Although we don't believe in timing the market or panicking over market movements, we do like to keep an eye on big changes -- just in case they're material to our investing thesis.
What: Shares of Brightcove (NASDAQ:BCOV) tumbled 37% Friday after the online video platform company reported better than expected second-quarter results, but followed with weak full-year guidance.
So what: Quarterly revenue jumped 15% year over year to $31 million, which translated to an adjusted net loss of $1.4 million, or $0.04 per share.

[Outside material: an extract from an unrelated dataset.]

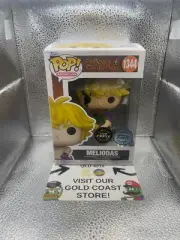 Funko Pop! Seven Deadly Sins - 1344 - Meliodas - SE Glow Chase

Analysts, on average, were looking for a wider loss of $0.11 per share on lower sales of $30.2 million.
However, Brightcove CEO David Mendels said in a press release Thursday the company "experienced slower than expected progress on large deal opportunities and certain customer implementations," as well as new expectations for "a large customer with an uncommon use case to churn in the third quarter."
As a result, Brightcove now sees full-year revenue of just $122 million to $123.5 million, with an adjusted loss per share of $0.24 to $0.28. By comparison, analysts had modeled a 2014 loss of $0.22 per share on sales of $128.9 million.
Now what: Even so, Mendels insisted, "We remain confident in our strategy and in the very meaningful market opportunity in front of us."
Today's 37% plunge might seem a big severe for what could turn out to be a temporary problem. But I certainly can't blame the market for taking a big step back given this hiccup in execution. For now, and until Brightcove can show meaningful progress toward achieving sustained profitability, I'm content watching from the sidelines.